Salford historian awarded Distinguished Visiting Professorship at Chinese university

Professor Alaric Searle and Nankai's Dean of the Faculty of History, Professor Jiang Pei

Professor Alaric Searle and Nankai’s Dean of the Faculty of History, Professor Jiang Pei

The School of Arts and Media strengthens its Chinese partnerships once again with the news that Professor Alaric Searle, Chair in Modern European History, has been awarded a Distinguished Visiting Professorship at Nankai University.

The Professorship will last for three years and Professor Searle will visit Nankai for two months each year. During these stays, he will deliver short courses and workshops for students, as well as collaborating on research projects with his colleagues in the Faculty of History. During his Professorship, Alaric will help the Faculty strengthen its coverage of European, German and British history for Nankai students. The award was made at an official ceremony at Nankai in July.

Following his appointment, Alaric said: “I am really looking forward to working with my new Chinese colleagues, not least of all as the Faculty of History at Nankai is one of the top departments for history in China. It is a great honour for me, and for Salford, to have received this invitation and accolade.”

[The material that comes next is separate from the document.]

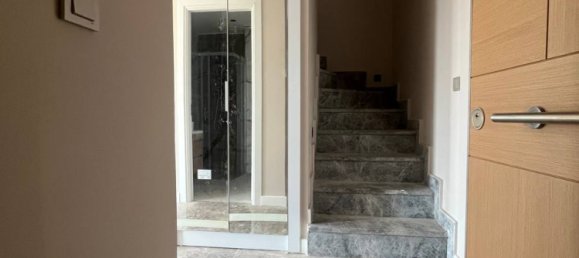 Apartment 3+1 in Istanbul, Turkey No. 23687 7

Professor Abigail Gregory, Associate Dean International for the School of Arts and Media, added: “We are delighted that Alaric has been awarded this prestigious Visiting Professorship. The link with Nankai is a valuable addition to the School’s other Chinese partnerships at Luxun Academy of Fine Arts, Beijing Film Academy and Zhejiang Fashion Institute of Technology, enabling the School to grow its presence and reputation in China.”